World’s Rivers and Streams Leak a Lot of Carbon Dioxide
Lakes and reservoirs take up more space, but rivers and streams release more of the greenhouse gas into the atmosphere, a new study finds
The world’s inland waterways move more than just water; they play a pivotal role in the global carbon cycle, soaking up carbon from the land and releasing it into the atmosphere as carbon dioxide. But are rivers or lakes bigger greenhouse gas contributors? A study published today in Nature finds that, cumulatively, rivers and streams release about five times more carbon dioxide than all the world’s lakes and reservoirs, even though the latter cover far more of the Earth’s surface.
Figuring out how much carbon dioxide these water bodies contribute to the carbon cycle is a complex task. Scientists have to determine the global surface area of the world’s lakes, streams, rivers and other water bodies. Then, they have to figure out how much carbon dioxide those bodies hold, and how quickly that carbon is transferred from water to atmosphere, a factor called the gas-transfer velocity. Uncertainties and a lack of data in all three areas have hamstrung efforts to determine exactly how much carbon inland waters are releasing.
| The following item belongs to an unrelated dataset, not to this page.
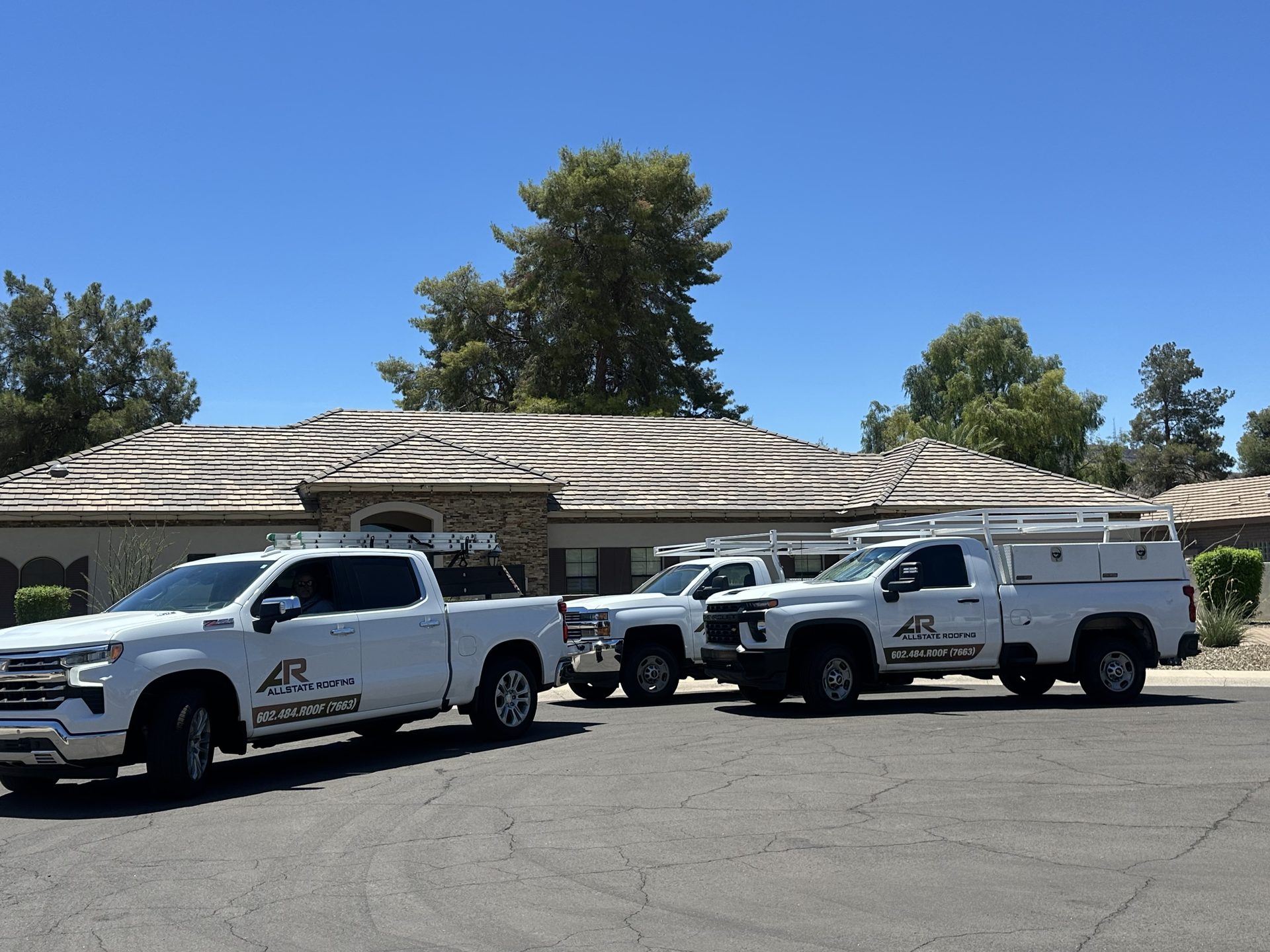 Allstate Roofing Truck Fleet Lineup Lineup of Allstate Roofing branded service trucks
To get better estimates, a team led by biogeochemist Peter Raymond of the Yale School of Forestry and Environmental Studies had to create more detailed data sets for all three parameters. They revised a census of lakes and reservoirs, and drew on data from sources as varied as space-shuttle missions and U.S. river monitors to determine the extents of global waterways. Inland waters are generally supersaturated with carbon dioxide, but how much carbon the waters hold differed by type. Gas-transfer velocities had been determined in earlier experiments; factors such as turbulence and lake size played a role in how quickly carbon dioxide moved through the system.
The researchers calculated that all the planet’s inland waters contribute about 2.1 gigatonnes of carbon to the atmosphere each year. Rivers and streams, which cover some 241,000 square miles (624,000 square kilometers) of the Earth, release about 1.8 gigatonnes of carbon each year. Another 0.32 gigatonnes come from lakes and reservoirs, which account for 1,200,000 square miles (3,000,000 square kilometers). These estimates were about twice as high as any done previously, the researchers note. However, the results are in line with detailed studies that have been done of places like the Amazon and temperate regions. To put this all in perspective, humans are expected to contribute about 36 gigatonnes of carbon to the atmosphere in 2013.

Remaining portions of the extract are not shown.